Bob Lotane, a spokesman with the Office of Insurance Regulation, says while recent legislation has added protection for policyholders and investors, the nature of the business -- essentially speculating on when people will die -- is bound to produce complaints.

Brecka disagrees: "This industry has grown phenomenally over the last few years. As awareness grows, people will see it as a mainstream estate-planning tool just like any other."


IN THE NEWS

Aventura -- Two of south Florida's best-known developers, Jorge Perez's The Related Group of Florida and Edward Easton's The Easton Group, have teamed up to build Aventura Marina, a 378-unit luxury waterfront condominium community. Ground-breaking will be early this year.

Miami -- Miami will host the Travel Industry Association of America's annual tourism convention -- known as the Pow Wow -- in 2009. The May 16-20 event is expected to attract close to 6,000 travel agents and tour operators who will book about $3 billion worth of business. As a result, local officials say, south Florida should receive about $300 million in increased tourism-related bookings in the two to three years following the conference. Miami hosted the Pow Wow in 1999.

With the opening of an office in Dallas, Miami-based law firm Greenberg Traurig has joined the ranks of only a small number of firms nationwide to employ more than 1,000 lawyers. The firm opened in Miami in 1967.

Spanish-language broadcaster Radio Unica Communications Corp. (OTCBB-UNCAQ) has laid off 76 people, all in Miami, as it prepares to be acquired by New York's MultiCultural Broadcasting Corp. The Miami-based chain of 15 AM radio stations filed for Chapter 11 bankruptcy protection in October. Analysts expect no disruption in service at the stations following the $150-million sale.

Miami-Dade -- County and Miami city officials are exploring financing options for a $325-million baseball-only stadium for the Florida Marlins. County commissioners have pledged up to $73 million in tax revenue, a move criticized by some municipal leaders. Some officials have proposed asking voters to approve a half-penny sales tax for the stadium.

Miami-Dade will receive $2.26 million in grants from the Department of Homeland Security to beef up security at the Port of Miami and along the Miami River.
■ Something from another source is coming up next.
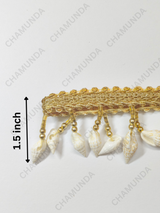 White Cowrie Shell Lace Border trim with gold finish | Decorative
Florida International University has received a $3-million grant from the Kauffman Foundation to improve entrepreneurial studies at the university. FIU's Global Entrepreneurial Center, where much of the funds will be directed, is geared toward improving entrepreneurship within disciplines and departments throughout the university.

The Miami-Dade County School District, the state's largest, was the only district in Florida to miss the voter-mandated cap for class sizes in two of the three grade categories. While the district met class-reduction targets within kindergarten through third grade, class sizes remained above the limit for fourth through eighth grades and for ninth through 12th grades. The state may force the district to hire teachers and to spend more on classroom construction.

Healthcare
FOR-PROFITS TAKE OVER HEALTHY KIDS PROGRAM

MIAMI-DADE -- Two for-profit health plans, Amerigroup and Staywell, will take over the county's Healthy Kids program from Jackson Memorial Medical Center, raising concerns that the program's neediest patients will not have access to Jackson's renowned clinics and specialists. Officials of the state-funded Healthy Kids program, which assists about 25,000 needy children in Miami-Dade, say cost was the principal factor, with the two companies submitting lower bids than the non-profit Jackson Health Plan.

In other news, the Miami-Dade County inspector general's office has uncovered more than $85 million in outstanding bills at Jackson Memorial Medical Center from patients who should not have been admitted for care -- uninsured, non-county residents not experiencing a medical emergency. Many of the patients were foreign nationals who traveled to Miami-Dade seeking high-quality care without the means to pay for it, the county report says.